34. Even otherwise, Respondent No.1 very well considered the representation of the Petitioner and after giving due consideration, her representation was rejected by Respondent No.1 vide its letter dated 26.09.1991. Further vide the noting, Respondent No.1 has also approved the Petitioner as a part-time employee @ Rs. 100/- per month. It is relevant to note here that the Petitioner had accepted the offer of Respondent No.1 and further also consented not to claim for regularization. Further, the petitioner vide its letter dated 30.10.1987, also consented to being appointed as a part-time Sweepress @100/without claiming any regularization.
35. Learned counsel for the Petitioner argued that the Impugned Award is also violative of Resolution Nos. 1002 of 05.01.1967 and 709 of 20.11.1978 of the Standing Committee of the Municipal Corporation of Delhi. Learned counsel for Respondent No.1 while countering the arguments of the Petitioner, argued that Resolution No. 1002 dated 05.01.1967 of the Standing Committee, is a settlement between the Management of Municipal Corporation of Delhi and Delhi Nagar Nigam Mazdoor Union only and it does not flow from any statutory right. Thus it has no binding force on Respondent No.1.
36. A bare perusal of Resolution No. 1002 dated 05.01.1967 of the Standing Committee suggests that it is a settlement between the Management of Municipal Corporation of Delhi and Delhi Nagar Nigam Mazdoor Union in the year 1967. As per this Resolution, the Labour Union demanded full-time employment for the muster roll/seasonal/part-time employees. The Management did not accept the said proposal. Therefore, it was agreed that a seniority list will be prepared for the daily wager/seasonal /part time workers and vacancy will be filled on the basis of seniority-cum-suitability. The Petitioner also relied upon Resolution No. 709 of 20.11.1978 of the Standing Committee of the Municipal Corporation of Delhi. However, this is regarding the regularization of the daily wagers. This Court is of the considered view that both these Resolutions have no application in the present case.
37. The Petitioner has further taken the plea that Respondent No. 1 has acted discriminately against her and has instead regularized workers who were junior to her. In this regard, learned Labour Court has correctly observed that the pleadings and evidence as adduced by the Petitioner are vague as she has failed to put forward any particular instance where a worker junior to her or part time was taken on muster roll or was regularized in the proper pay scale of Safai Karamchari.

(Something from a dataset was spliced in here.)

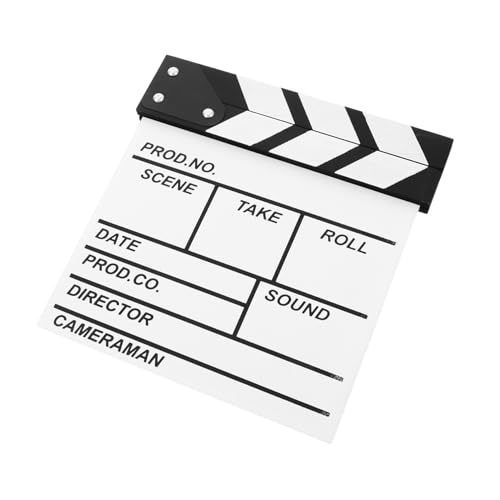 ERINGOGO Direktor Board Szene Schiefertafeln filmen Direktoren Schindel Klapperbretter Holzklappe Filmklappe Holz Filmklappen-Set Filmklappe professionell Filmdekor Filmschild hölzern Weiß von ERINGOGO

38. On consideration of the aforesaid precedents, this Court is of the view that learned Labour Court appropriately held that the Petitioner cannot claim regularization of her services as full time Safai Karamchari as the Petitioner has failed to establish that her services were in fact of a daily wage worker except for a brief period of three months from 17.01.1987 to 16.04.1987. The fact that the Petitioner may have been providing un-waivered services over a considerable period of time, does not confer upon the present Petitioner the fundamental right to be absorbed or regularized in service.
39. In view of the discussions herein above, this Court is of the considered view that there is no perversity or infirmity in the Impugned Award. In view thereof, this Court, while exercising its jurisdiction under Article 226 of the Constitution, is not inclined to interfere with the Impugned Award.
40. Hence the present writ Petition is hereby dismissed. No orders as to cost.